Systemic steroids up hypoglycaemia risk in internal medicine units
Treatment with systemic steroids may increase the likelihood of developing hypoglycaemia during hospitalization, a recent study has found.
The study included 45,272 patients (mean age, 67.5±19.2 years; 49.4 percent male) who were receiving in-hospital care at internal medicine units. Those who were critically ill were ineligible. The study outcome was the occurrence of at least one episode of hypoglycaemia, defined as a glucose level <70 mg/dL, regardless of symptoms or mode of measurement.

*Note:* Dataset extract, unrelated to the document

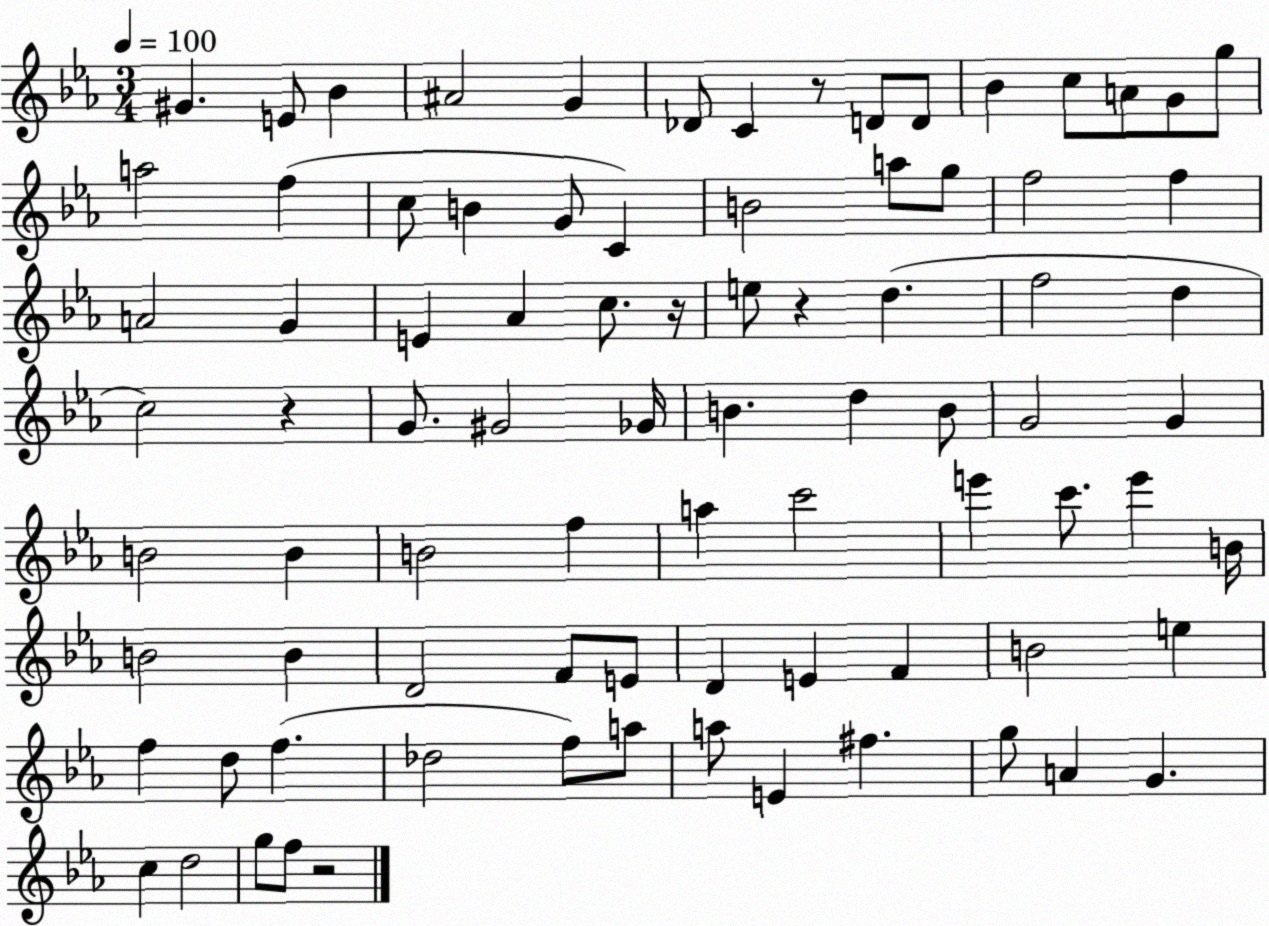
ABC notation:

Overall, 3,415 patients were deemed to be hypoglycaemic, yielding an overall rate of 7.5 percent. Incident hypoglycaemia occurred more commonly among patients with diabetes mellitus (14.3 percent vs 4.9 percent; p<0.001).
Patients who were treated with systemic steroids saw significantly greater rates of incident hypoglycaemia, as compared to other patients who had not been given steroids, or those who were taking inhaled or topical steroids. This trend remained true regardless of the presence of diabetes mellitus.
Those who developed hypoglycaemia tended to be older and have lower serum albumin levels upon admission. These patients also more commonly showed evidence of liver damage, as well as elevated levels of creatinine.
Multivariate analysis generally confirmed these interactions. In particular, it showed that those who had been given systemic steroids were significantly more likely to develop hypoglycaemia than those who were not on any steroid medication (odds ratio, 1.513, 95 percent confidence interval, 1.311–1.746; p<0.001).